TailscreenApp.swift is the @main entry point. It owns the menubar lifecycle and not much else. The actual coordinator is AppState.swift, which is @MainActor and holds the truth: are we sharing, are we connecting, who are the peers, which display.

MenuBarView.swift is where every SwiftUI view in the app lives. We deliberately did not split it into one-file-per-view; the view code is short enough that the cognitive cost of jumping between files would outweigh the cost of scrolling.

AppMenu.swift builds the native NSMenu (File → Disconnect, etc.) because some things SwiftUI’s MenuBarExtra still doesn’t do well in 2026.

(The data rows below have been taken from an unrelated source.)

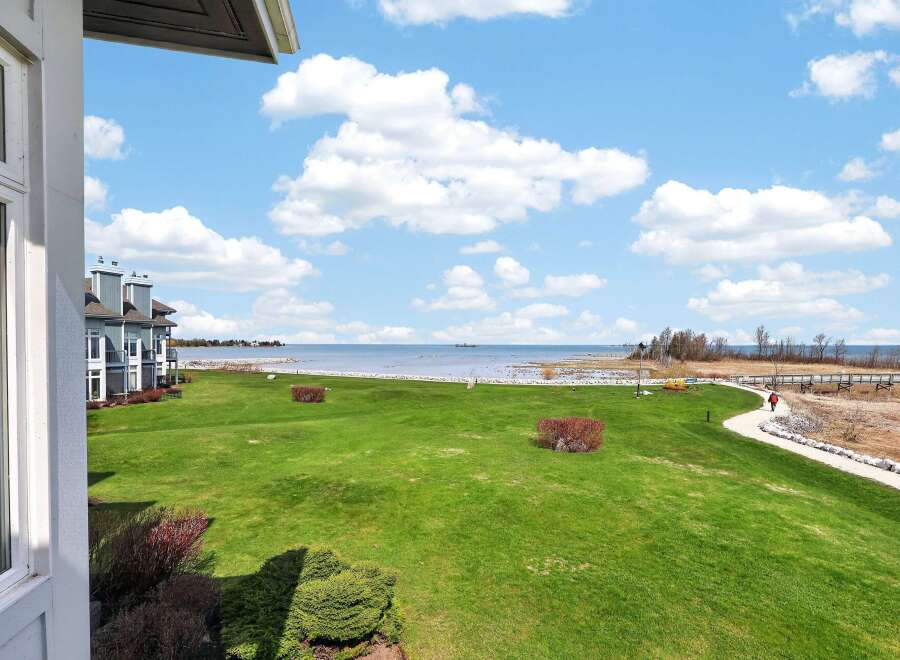 Enjoy breathtaking views from this stunning property! This home features a spacious green lawn, perfect for outdoor activities, and is located near a beautiful lake.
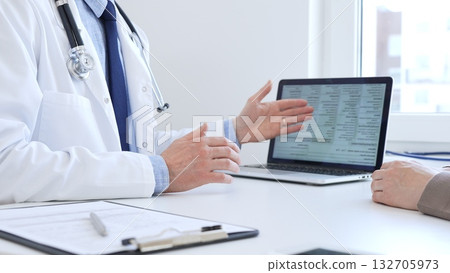 Close-up of a doctor reviewing digital test results with patient, discussing health findings on laptop screen during clinical consultation. Medicine and health care concept 132705973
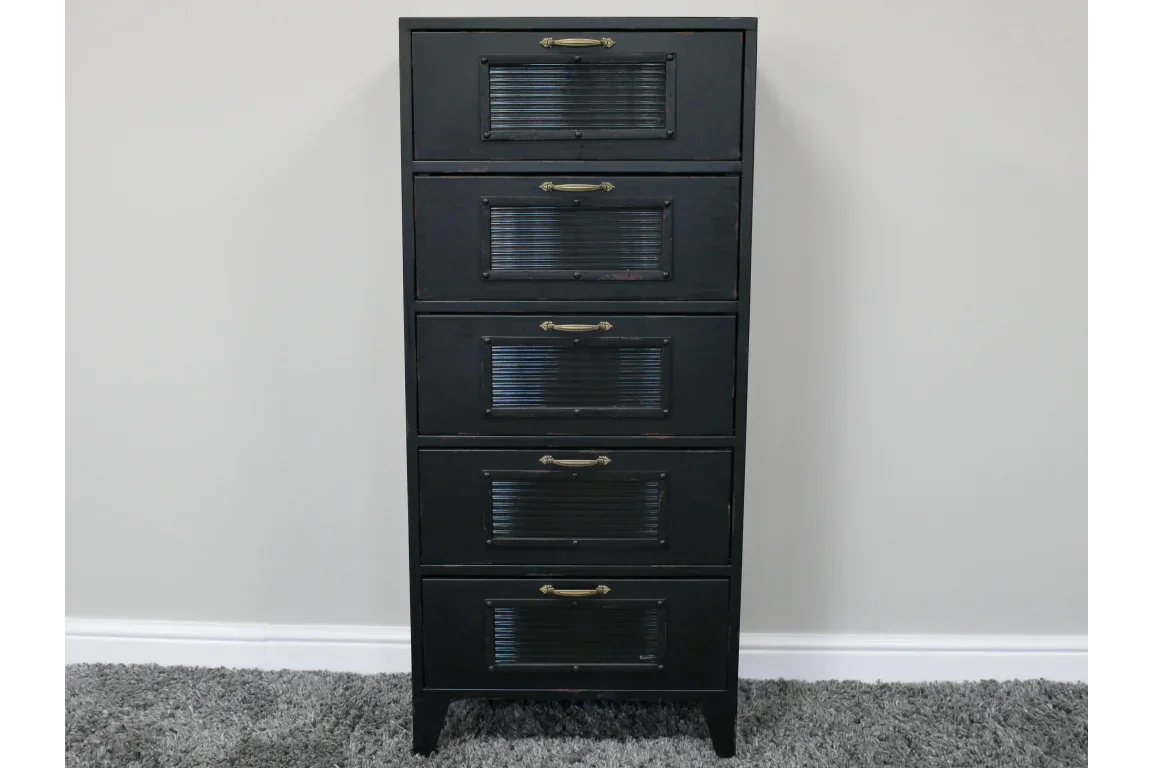 Tall black chest of drawers with metal handles and ribbed front panels on grey carpet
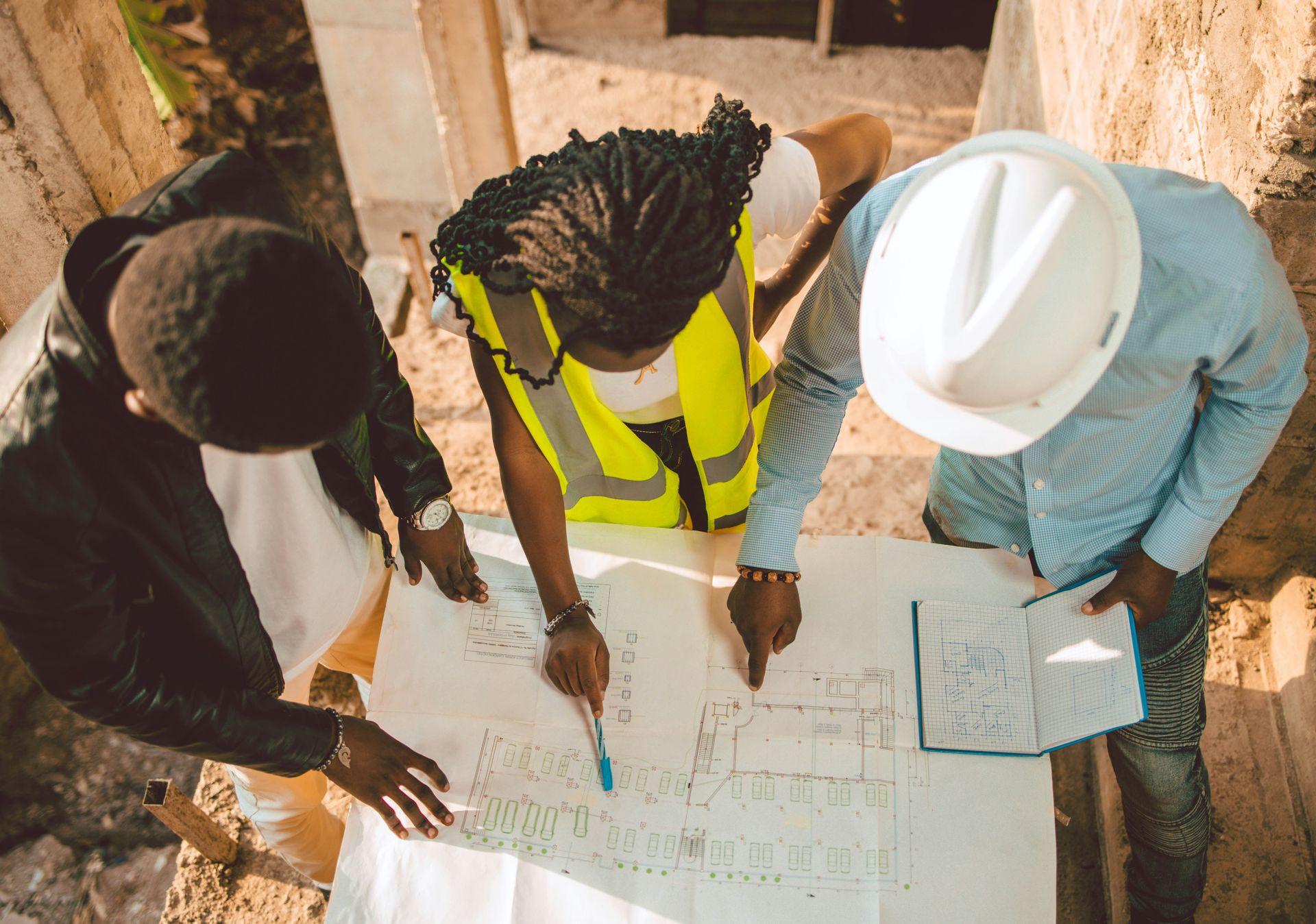 Construction project planning with blueprints and scheduling chart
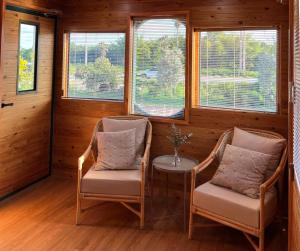 two chairs and a table in a room with windows at SafeHouse resort เซฟเฮ้าท์รีสอร์ท 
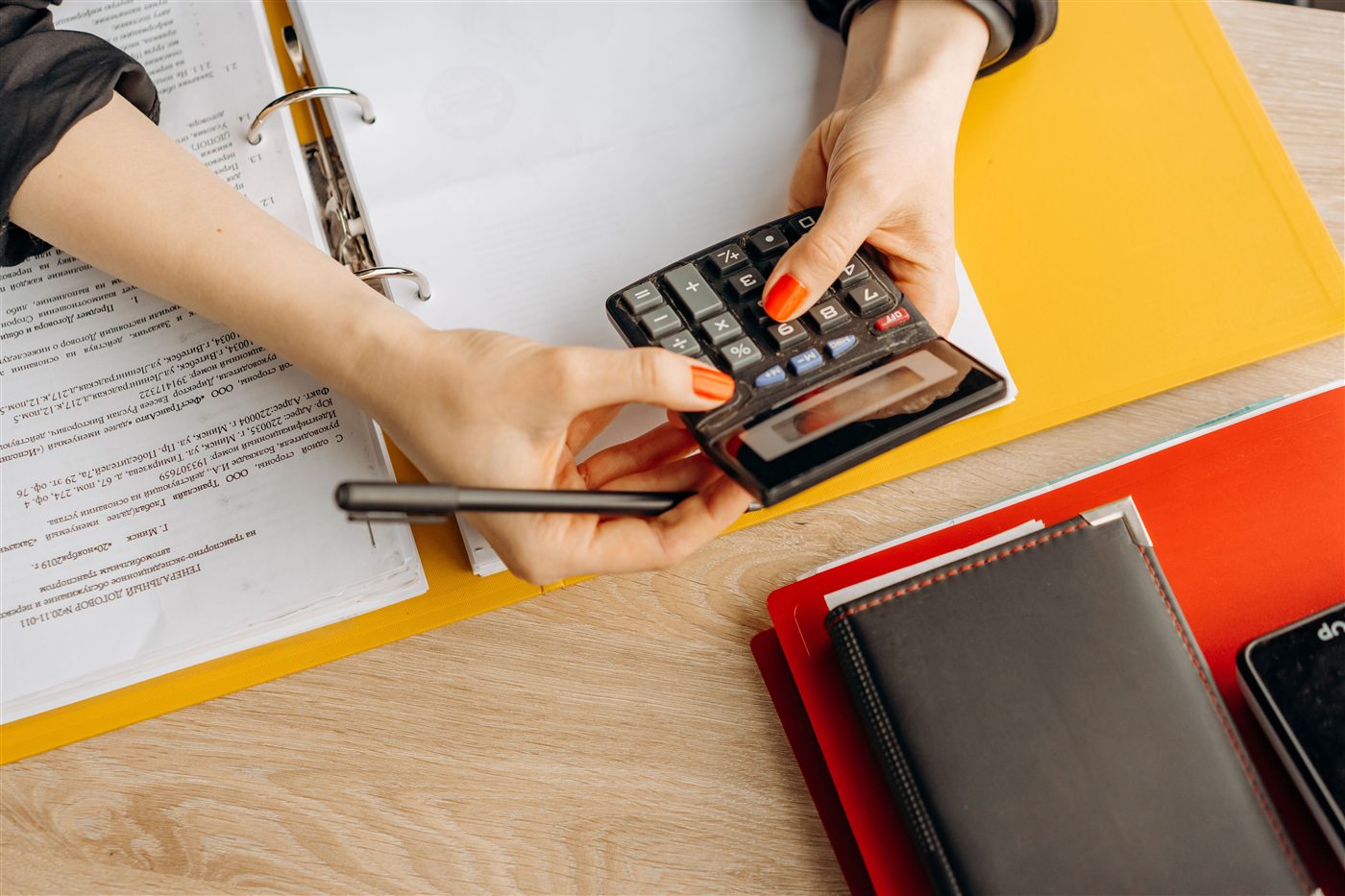 A calculator and financial ledgers on a desk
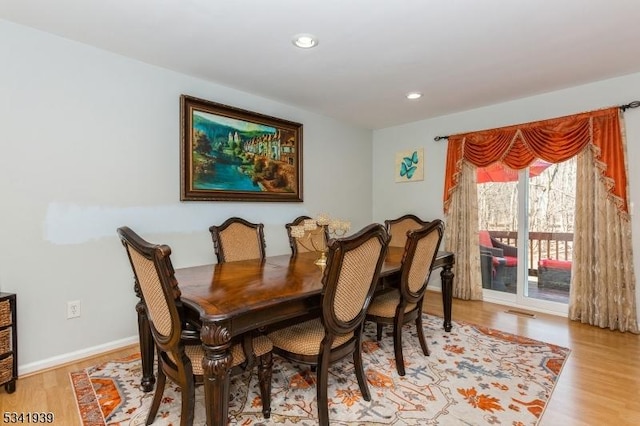 dining room with baseboards, light wood-type flooring, visible vents, and recessed lighting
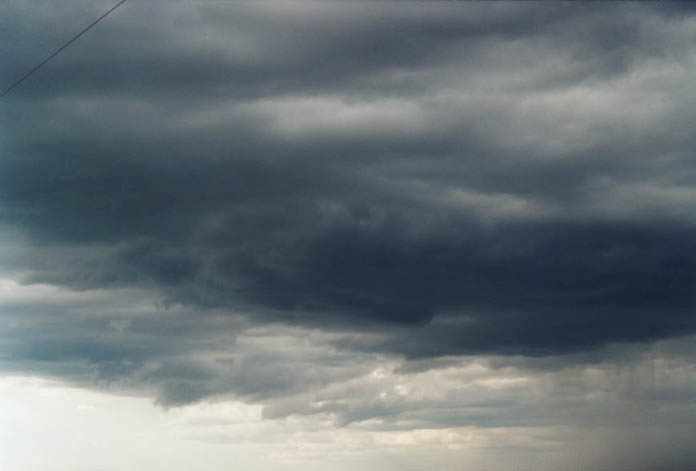 cumulonimbus thunderstorm_base : W of Inverell, NSW   4 December 2000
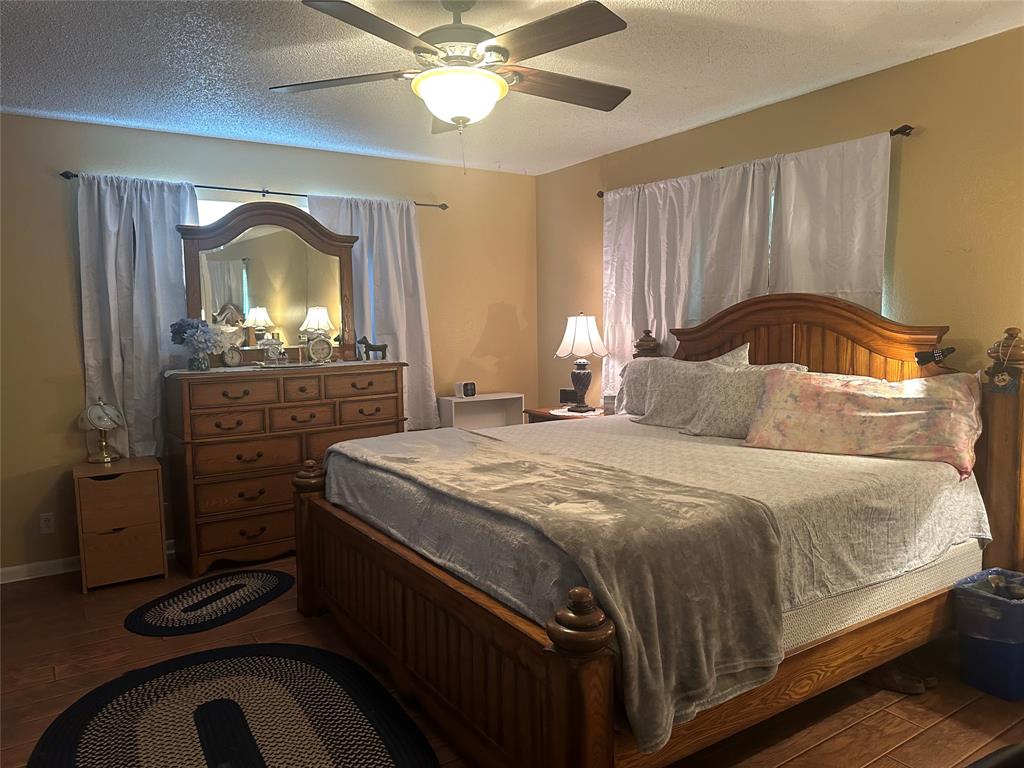 245 County Road 3696 Springtown, TX 76082 - Photo 12 of 29 a bedroom with a bed and a dresser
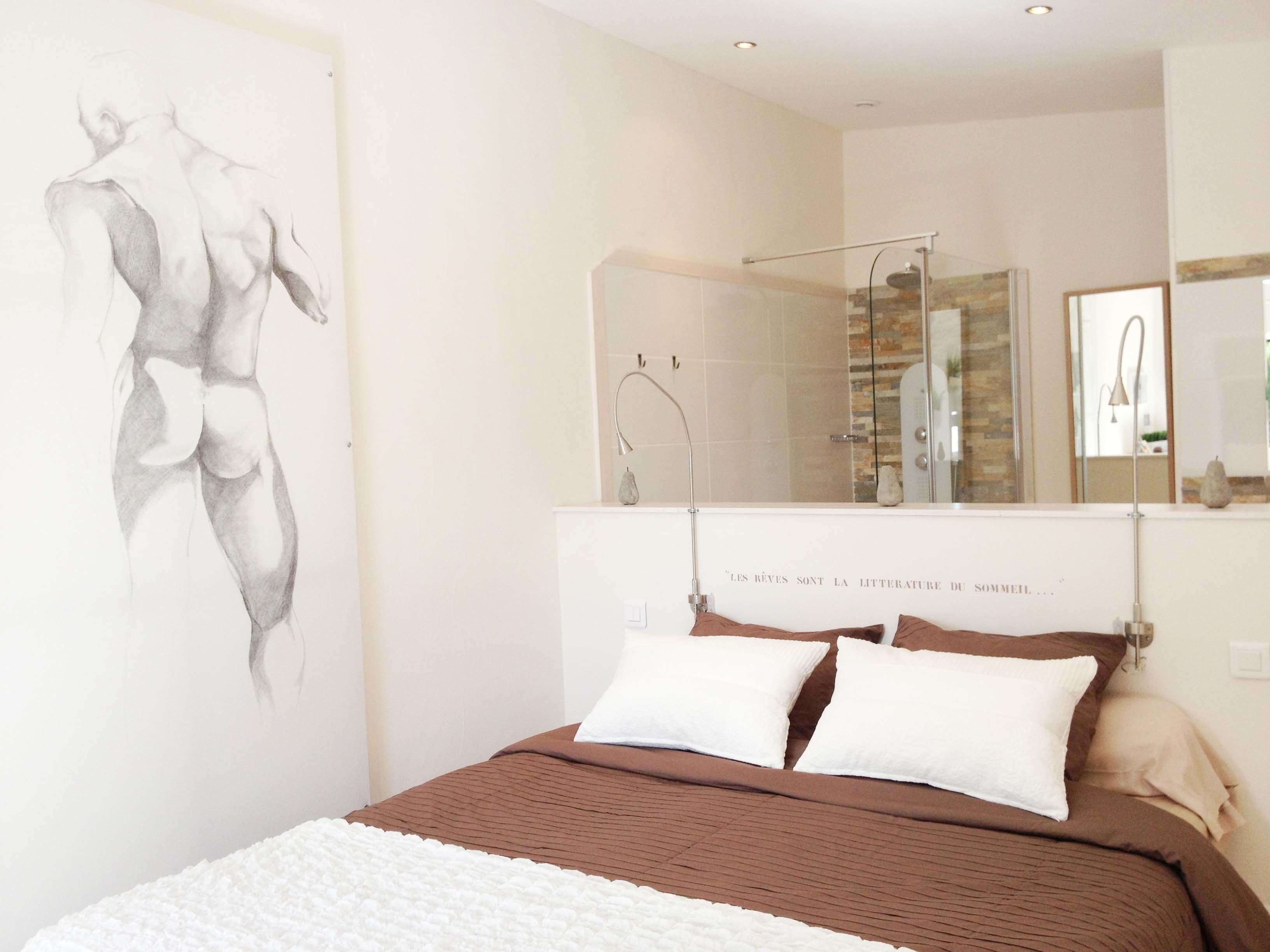 Un dormitorio con una cama grande, ducha y espejo adosado a la pared.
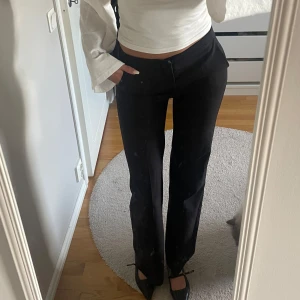 Svarta kostymbyxor med wide fit - Snygga svarta kostymbyxor med hög midja och raka, vida ben. Byxorna har klassisk passform och stängs med dragkedja och knapp framtill. Perfekta för en clean och stilren look.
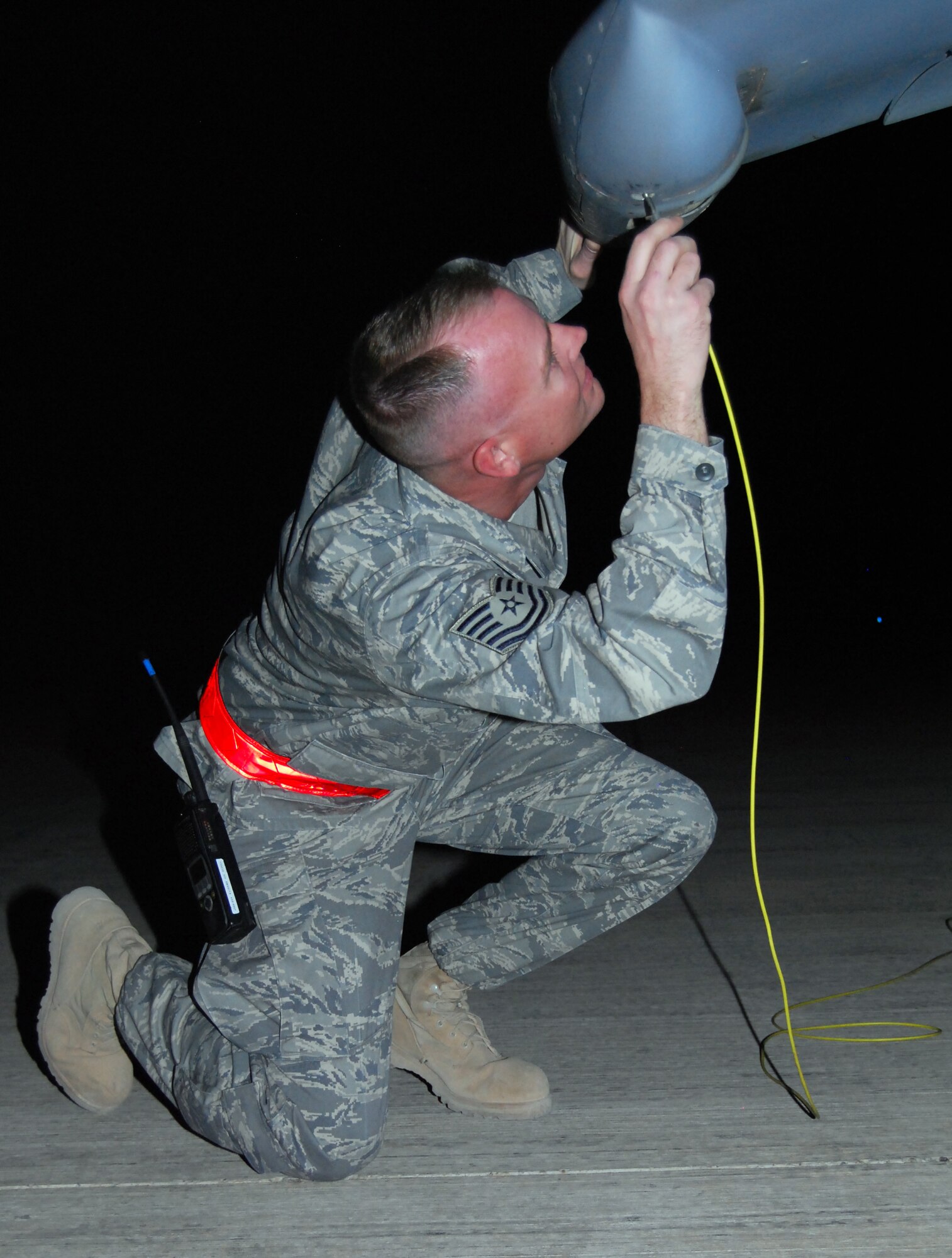 JOINT BASE BALAD, Iraq -- Tech. Sgt. Michael Smith connects a grounding wire to the left wing of an AV-8B Harrier here as part of a refueling operation Sept. 9. The Harrier landed at Joint Base Balad due to inclement weather conditions over al-Asad Air Base in Anbar Province. Smith, a tactical aircraft mainenance craftsman with the 332nd Expeditionary Maintenance Squadron here, is deployed from the Air National Guard's 110th Fighter Wing at Battle Creek, Mich. The Harriers are deployed from Marine Attack Squadron 311 at Marine Corps Air Station Yuma, Ariz. (U.S. Air Force photo/Staff Sgt. Don Branum)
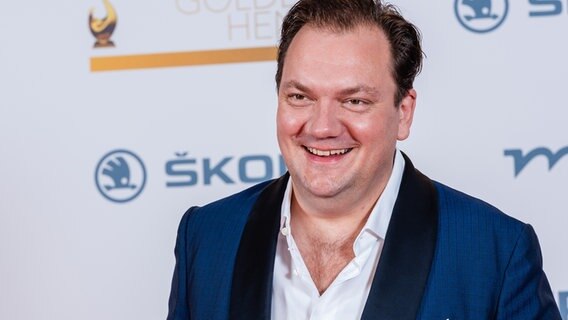 Der Schauspieler Charly Huebner, vor einer weißen Wand bei der MDR-Verleihung des Publikumspreises "Goldene Henne" im Oktober 2020 in Leipzig. © picture alliance / zb Foto: Kirsten Nijhof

The viewer window is a regular NSWindow and we hold it for the entire process lifetime. That’s not laziness — releasing it on disconnect raced with VideoToolbox/Metal teardown in autoreleasepool and crashed. Holding the window is the fix.

Capture

ScreenCapture.swift is a thin wrapper over ScreenCaptureKit. We capture at native Retina (2×) at a 60 fps target. The buffers come out as CVPixelBuffers and go straight into the encoder — no copies, no Swift heap allocations per frame. If you’re staring at the encoder wondering why it doesn’t make defensive copies, that’s why.

Video encode/decode

VideoEncoder.swift is VideoToolbox configured for the lowest latency we can talk it into:

  • HEVC by default, H.264 as a fallback. The sharer tries to set up a hardware HEVC encoder at startup; if VideoToolbox refuses (mostly older Intel Macs without HW HEVC), it transparently retries with H.264. The viewer doesn’t need to know in advance — it picks up the codec from the RTP payload type and configures the decoder on the fly.
  • Hardware encoder where available (everywhere on Apple Silicon).
  • Frame reordering disabled. No B-frames. Each frame depends only on earlier frames, which means a packet loss can’t strand future frames waiting for a frame from the past.
  • Adaptive bitrate based on resolution and a bits-per-pixel target. The defaults are 0.06 bpp for HEVC and 0.10 bpp for H.264 — HEVC’s intra-prediction modes earn back roughly 30% on screen content vs H.264, so the same visual quality gets a smaller bitrate budget.
  • Profile is HEVC Main / H.264 High at AutoLevel.
  • Keyframe roughly every 2 seconds, or earlier when the receiver sends a PLI (Picture Loss Indication).

RTPPacket.swift packetizes and depacketizes per RFC 6184 (H.264) and RFC 7798 (HEVC). It knows about FU-A fragmentation, STAP-A aggregation, and the codec’s parameter sets. Parameter sets go in-band on every keyframe — SPS+PPS for H.264, VPS+SPS+PPS for HEVC — so a viewer that connects partway through can spin up a decoder without an out-of- band handshake.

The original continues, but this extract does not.